- [Assignment] Repeat exactly, and only, the lines from the line containing "Used 2024 Chevrolet" through the last line of the records below, including both.

- [The input]

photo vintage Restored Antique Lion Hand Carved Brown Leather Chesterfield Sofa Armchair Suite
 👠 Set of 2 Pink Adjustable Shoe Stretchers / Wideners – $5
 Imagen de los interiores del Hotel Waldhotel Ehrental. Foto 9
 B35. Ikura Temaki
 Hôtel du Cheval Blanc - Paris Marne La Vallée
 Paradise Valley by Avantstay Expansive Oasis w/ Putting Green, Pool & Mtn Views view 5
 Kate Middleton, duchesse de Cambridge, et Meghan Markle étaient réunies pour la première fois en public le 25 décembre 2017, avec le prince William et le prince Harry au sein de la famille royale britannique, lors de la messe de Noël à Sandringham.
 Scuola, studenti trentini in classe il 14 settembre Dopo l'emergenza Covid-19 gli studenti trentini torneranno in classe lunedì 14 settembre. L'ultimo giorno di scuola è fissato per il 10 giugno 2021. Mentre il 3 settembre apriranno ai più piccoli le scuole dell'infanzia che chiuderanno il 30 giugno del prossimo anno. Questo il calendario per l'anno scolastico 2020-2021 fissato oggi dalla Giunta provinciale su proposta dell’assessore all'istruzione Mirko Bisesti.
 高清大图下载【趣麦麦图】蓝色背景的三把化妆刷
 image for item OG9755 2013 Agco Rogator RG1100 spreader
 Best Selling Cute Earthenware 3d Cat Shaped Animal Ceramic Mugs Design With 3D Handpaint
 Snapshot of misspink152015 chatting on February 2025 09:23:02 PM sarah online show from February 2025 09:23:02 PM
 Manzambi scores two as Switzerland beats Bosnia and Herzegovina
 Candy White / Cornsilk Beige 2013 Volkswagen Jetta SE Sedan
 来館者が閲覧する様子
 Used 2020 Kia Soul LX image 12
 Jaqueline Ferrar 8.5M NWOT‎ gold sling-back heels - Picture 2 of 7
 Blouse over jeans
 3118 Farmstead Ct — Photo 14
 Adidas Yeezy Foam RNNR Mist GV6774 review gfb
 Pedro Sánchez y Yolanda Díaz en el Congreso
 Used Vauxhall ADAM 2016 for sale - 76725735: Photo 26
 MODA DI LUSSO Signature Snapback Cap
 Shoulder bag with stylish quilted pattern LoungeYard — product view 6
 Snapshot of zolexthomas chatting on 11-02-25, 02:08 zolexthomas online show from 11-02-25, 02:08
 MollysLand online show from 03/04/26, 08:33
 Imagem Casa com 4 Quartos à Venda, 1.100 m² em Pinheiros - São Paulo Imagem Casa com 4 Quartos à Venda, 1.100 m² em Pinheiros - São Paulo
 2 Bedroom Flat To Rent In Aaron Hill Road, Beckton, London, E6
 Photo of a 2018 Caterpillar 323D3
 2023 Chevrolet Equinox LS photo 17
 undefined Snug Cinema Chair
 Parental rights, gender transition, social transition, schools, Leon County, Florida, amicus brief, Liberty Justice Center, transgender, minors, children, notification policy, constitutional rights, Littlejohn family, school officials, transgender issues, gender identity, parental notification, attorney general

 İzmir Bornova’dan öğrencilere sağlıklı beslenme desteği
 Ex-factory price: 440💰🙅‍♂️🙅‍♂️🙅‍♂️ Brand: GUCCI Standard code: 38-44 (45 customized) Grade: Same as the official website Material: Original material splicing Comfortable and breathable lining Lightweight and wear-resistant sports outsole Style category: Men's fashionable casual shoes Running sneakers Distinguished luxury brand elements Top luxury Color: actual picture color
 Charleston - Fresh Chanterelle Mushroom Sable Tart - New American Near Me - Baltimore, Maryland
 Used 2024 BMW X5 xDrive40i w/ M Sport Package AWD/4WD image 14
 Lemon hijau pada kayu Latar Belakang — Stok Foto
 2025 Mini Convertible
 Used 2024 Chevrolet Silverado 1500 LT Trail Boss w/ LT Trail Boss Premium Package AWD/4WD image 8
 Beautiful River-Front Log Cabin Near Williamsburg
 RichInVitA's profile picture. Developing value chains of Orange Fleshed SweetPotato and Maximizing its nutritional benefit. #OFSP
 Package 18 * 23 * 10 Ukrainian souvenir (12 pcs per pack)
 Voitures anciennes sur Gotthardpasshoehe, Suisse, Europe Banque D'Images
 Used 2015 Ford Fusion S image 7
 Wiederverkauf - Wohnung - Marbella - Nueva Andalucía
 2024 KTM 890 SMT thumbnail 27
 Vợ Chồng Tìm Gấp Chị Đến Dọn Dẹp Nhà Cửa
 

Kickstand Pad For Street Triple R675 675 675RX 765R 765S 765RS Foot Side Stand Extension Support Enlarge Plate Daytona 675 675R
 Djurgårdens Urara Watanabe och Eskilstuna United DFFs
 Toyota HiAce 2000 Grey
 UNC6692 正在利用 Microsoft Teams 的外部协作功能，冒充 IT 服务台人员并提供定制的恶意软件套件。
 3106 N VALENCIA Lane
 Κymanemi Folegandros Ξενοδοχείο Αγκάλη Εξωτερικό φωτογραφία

- [Task solution]
 Used 2024 Chevrolet Silverado 1500 LT Trail Boss w/ LT Trail Boss Premium Package AWD/4WD image 8
 Beautiful River-Front Log Cabin Near Williamsburg
 RichInVitA's profile picture. Developing value chains of Orange Fleshed SweetPotato and Maximizing its nutritional benefit. #OFSP
 Package 18 * 23 * 10 Ukrainian souvenir (12 pcs per pack)
 Voitures anciennes sur Gotthardpasshoehe, Suisse, Europe Banque D'Images
 Used 2015 Ford Fusion S image 7
 Wiederverkauf - Wohnung - Marbella - Nueva Andalucía
 2024 KTM 890 SMT thumbnail 27
 Vợ Chồng Tìm Gấp Chị Đến Dọn Dẹp Nhà Cửa
 

Kickstand Pad For Street Triple R675 675 675RX 765R 765S 765RS Foot Side Stand Extension Support Enlarge Plate Daytona 675 675R
 Djurgårdens Urara Watanabe och Eskilstuna United DFFs
 Toyota HiAce 2000 Grey
 UNC6692 正在利用 Microsoft Teams 的外部协作功能，冒充 IT 服务台人员并提供定制的恶意软件套件。
 3106 N VALENCIA Lane
 Κymanemi Folegandros Ξενοδοχείο Αγκάλη Εξωτερικό φωτογραφία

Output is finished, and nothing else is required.